Understanding SIP forfeiture and withdrawal rules in advance is important, because poor timing can lead to unexpected tax charges or, in some cases, the loss of shares.
You can use the Share Incentive Plan Calculator to estimate how much tax you might owe based on your share values and holding period.
How Each SIP Share Type Is Affected When You Leave
What Happens to Free Shares on Resignation?
Free Shares are shares given to you by your employer at no cost, but they usually come with certain conditions. In most SIPs, you are required to hold them for around 3 to 5 years. If you leave your job before this period, your employer may forfeit (take back) the shares.
However, if you qualify as a “good leaver” — for example due to redundancy, serious ill health, disability, or retirement — then HMRC rules generally allow you to keep your free shares without penalty, even if the holding period hasn't been completed.
What Happens to Partnership Shares?
Partnership shares are bought using your pre-tax salary, so they're technically yours from the start. Under HMRC SIP rules, your employer cannot force you to forfeit them when you leave.
That said, if you withdraw them before holding them for five years, they'll be removed from the plan and you'll pay income tax and National Insurance on their current market value, not the price you originally paid. This is where losing SIP shares on leaving (in terms of tax relief) often catches people off guard. Make sure to understand your full SIP entitlements before you leave.
What Happens to Matching Shares?
Matching Shares are shares your employer gives you in addition to your partnership shares, usually in a 1:1 or 2:1 ratio.
Like free shares, they are also subject to a holding period, and if you leave your job early without a qualifying reason, these shares may be forfeited.
In some SIP structures, losing matching shares can also affect related partnership shares, which is why it is very important to understand your specific plan rules.
What Happens to Dividend Shares?
Dividend Shares are the shares that are purchased using dividends earned from your other SIP shares.
These usually come with a 3-year holding period. If you leave your job or withdraw them before this period, they may be removed from the plan, and depending on timing, they can also become subject to tax.
The rules differ depending on share type particularly which share types are at risk of forfeiture when you resign.
Tax Implications of Leaving a SIP Early
This is where Share Incentive Plan exit rules get complicated. The key principle under HMRC rules is this: shares kept in a SIP for five years are free from income tax and National Insurance on withdrawal.
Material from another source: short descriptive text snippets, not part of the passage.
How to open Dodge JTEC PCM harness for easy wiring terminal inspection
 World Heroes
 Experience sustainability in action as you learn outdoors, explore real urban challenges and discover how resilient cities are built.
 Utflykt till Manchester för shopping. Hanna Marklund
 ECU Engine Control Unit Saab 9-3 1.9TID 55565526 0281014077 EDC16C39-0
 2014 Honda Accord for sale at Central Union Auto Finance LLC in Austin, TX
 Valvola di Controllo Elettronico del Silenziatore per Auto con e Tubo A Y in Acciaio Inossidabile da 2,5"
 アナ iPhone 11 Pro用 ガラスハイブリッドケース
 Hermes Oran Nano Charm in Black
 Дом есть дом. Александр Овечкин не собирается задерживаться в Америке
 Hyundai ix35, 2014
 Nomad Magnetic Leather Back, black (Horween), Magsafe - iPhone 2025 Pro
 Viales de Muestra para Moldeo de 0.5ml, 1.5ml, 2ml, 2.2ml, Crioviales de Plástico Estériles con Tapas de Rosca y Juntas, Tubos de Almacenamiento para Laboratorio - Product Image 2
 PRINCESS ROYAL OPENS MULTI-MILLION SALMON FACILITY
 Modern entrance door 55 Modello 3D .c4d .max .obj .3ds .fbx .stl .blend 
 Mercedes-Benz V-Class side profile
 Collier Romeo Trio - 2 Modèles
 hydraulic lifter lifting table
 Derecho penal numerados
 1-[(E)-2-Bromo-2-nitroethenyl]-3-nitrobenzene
Leave early, and that protection disappears.
Here's what you could owe:
- Income Tax on the market value of shares at the time they leave the plan.
- National Insurance contributions on the same value.
- Capital Gains Tax (CGT) may apply if you later sell shares and they've grown in value since leaving the plan.
Critical Note
The tax is calculated on the market value at the date of withdrawal, not what you originally paid. If share prices have risen significantly, this can result in a substantial tax liability. Make sure to calculate the value of your SIP shares before handing in your notice.
Frequently Asked Questions
Can my employer take back my SIP shares if I resign?
Your employer can only forfeit **free shares** and **matching shares** if you leave before the end of the holding period and you don't qualify as a "good leaver." **Partnership shares** cannot be forfeited because they are purchased from your own salary.
What counts as a "good leaver" under HMRC SIP rules?
HMRC defines good leaver reasons as redundancy, retirement, serious ill health or disability, a TUPE transfer, or the business you work for being sold.
Will I pay tax on SIP shares I withdraw after leaving?
Yes, if your shares have been in the plan for less than five years, income tax and National Insurance will apply to their market value at the point of withdrawal.
Do SIP rules change if I'm made redundant rather than resigning?
Yes, significantly. Redundancy is a qualifying "good leaver" reason, which means you can generally keep all your **free shares**, **matching shares**, and **partnership shares** without triggering forfeiture, regardless of how long they've been in the plan.